Check your cron jobs for one that runs at the "top of every minute. One of them is running and doing a LOT of work. A quick “ps aux” from the console should steer you in a direction.

There are regular Cron Jobs every 1 min, 5 mins, and 15 mins that jump the load average.

How active is this box and how much call flow is on it? Ours has a lot of both and I can visibly notice jumps every time the cron jobs run, which is expected. Which Freepbx/Asterisk versions?

I have also found a cpu load every minute, maybe it can help you.

The cron jobs? We did look into those and they are a thing but even running them manually over and over don’t seem to cause the random cpu jumps we are getting every few seconds.

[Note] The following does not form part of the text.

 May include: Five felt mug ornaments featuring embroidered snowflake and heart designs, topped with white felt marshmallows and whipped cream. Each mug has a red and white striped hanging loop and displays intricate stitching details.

We have uninstalled most modules we aren’t using but we are using about 75% of the available ones.

Here is video of what I am seeing:

Normal Operation during the day: https://youtu.be/8edjFDC-f7I

Reload during the day: https://youtu.be/KYtRRwu_de8

Night time mostly idle operation and a reload: https://youtu.be/fTjD-df8S9g

Reloads even while the system is pretty much idle causes call quality issues. We have 2.2ghz cores for asterisk.

Wow, your fwconsole reloads take a very long time.
How many extensions do you have on your system?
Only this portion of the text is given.